"""
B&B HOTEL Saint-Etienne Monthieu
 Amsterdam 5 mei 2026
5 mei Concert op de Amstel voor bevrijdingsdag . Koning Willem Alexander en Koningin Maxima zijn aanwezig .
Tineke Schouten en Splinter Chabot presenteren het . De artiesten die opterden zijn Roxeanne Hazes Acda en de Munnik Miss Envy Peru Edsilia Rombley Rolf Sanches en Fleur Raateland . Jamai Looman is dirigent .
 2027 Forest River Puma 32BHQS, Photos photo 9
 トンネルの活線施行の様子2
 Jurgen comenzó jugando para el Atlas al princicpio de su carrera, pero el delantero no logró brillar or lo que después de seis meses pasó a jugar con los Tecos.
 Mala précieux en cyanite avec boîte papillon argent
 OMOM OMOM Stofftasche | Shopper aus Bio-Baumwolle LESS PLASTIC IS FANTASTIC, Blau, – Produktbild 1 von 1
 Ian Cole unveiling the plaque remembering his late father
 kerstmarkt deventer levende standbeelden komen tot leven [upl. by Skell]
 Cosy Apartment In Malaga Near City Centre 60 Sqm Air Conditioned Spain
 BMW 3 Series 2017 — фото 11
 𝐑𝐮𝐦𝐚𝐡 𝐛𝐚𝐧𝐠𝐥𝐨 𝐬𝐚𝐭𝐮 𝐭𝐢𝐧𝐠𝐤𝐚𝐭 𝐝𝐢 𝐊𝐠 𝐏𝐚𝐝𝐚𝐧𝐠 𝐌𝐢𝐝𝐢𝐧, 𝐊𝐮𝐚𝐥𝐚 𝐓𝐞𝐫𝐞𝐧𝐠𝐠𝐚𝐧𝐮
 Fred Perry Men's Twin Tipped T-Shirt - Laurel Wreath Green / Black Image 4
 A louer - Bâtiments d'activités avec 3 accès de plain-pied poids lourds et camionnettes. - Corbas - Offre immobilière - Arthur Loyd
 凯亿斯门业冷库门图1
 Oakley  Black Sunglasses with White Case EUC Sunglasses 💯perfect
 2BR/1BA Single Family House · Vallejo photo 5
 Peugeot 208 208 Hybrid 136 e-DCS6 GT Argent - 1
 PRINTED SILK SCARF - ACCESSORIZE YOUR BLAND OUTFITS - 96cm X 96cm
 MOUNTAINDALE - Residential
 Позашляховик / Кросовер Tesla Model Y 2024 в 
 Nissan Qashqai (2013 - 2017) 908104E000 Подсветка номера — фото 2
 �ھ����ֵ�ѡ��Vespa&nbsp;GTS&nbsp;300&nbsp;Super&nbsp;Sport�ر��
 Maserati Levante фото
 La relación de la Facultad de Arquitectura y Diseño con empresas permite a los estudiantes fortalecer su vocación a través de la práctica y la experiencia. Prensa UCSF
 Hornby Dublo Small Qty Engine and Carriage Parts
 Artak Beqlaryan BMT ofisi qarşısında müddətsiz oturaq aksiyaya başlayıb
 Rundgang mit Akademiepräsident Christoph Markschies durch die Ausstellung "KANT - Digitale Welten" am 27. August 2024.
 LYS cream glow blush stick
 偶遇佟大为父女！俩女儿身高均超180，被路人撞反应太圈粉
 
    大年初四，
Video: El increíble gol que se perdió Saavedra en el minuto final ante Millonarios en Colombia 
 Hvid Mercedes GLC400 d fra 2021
"""
Starting at the line that contains "2BR/1BA Single Family" and ending at the last line of the data, repeat each line exactly; include nothing else.

### Solution for this exercise
 2BR/1BA Single Family House · Vallejo photo 5
 Peugeot 208 208 Hybrid 136 e-DCS6 GT Argent - 1
 PRINTED SILK SCARF - ACCESSORIZE YOUR BLAND OUTFITS - 96cm X 96cm
 MOUNTAINDALE - Residential
 Позашляховик / Кросовер Tesla Model Y 2024 в 
 Nissan Qashqai (2013 - 2017) 908104E000 Подсветка номера — фото 2
 �ھ����ֵ�ѡ��Vespa&nbsp;GTS&nbsp;300&nbsp;Super&nbsp;Sport�ر��
 Maserati Levante фото
 La relación de la Facultad de Arquitectura y Diseño con empresas permite a los estudiantes fortalecer su vocación a través de la práctica y la experiencia. Prensa UCSF
 Hornby Dublo Small Qty Engine and Carriage Parts
 Artak Beqlaryan BMT ofisi qarşısında müddətsiz oturaq aksiyaya başlayıb
 Rundgang mit Akademiepräsident Christoph Markschies durch die Ausstellung "KANT - Digitale Welten" am 27. August 2024.
 LYS cream glow blush stick
 偶遇佟大为父女！俩女儿身高均超180，被路人撞反应太圈粉
 
    大年初四，
Video: El increíble gol que se perdió Saavedra en el minuto final ante Millonarios en Colombia 
 Hvid Mercedes GLC400 d fra 2021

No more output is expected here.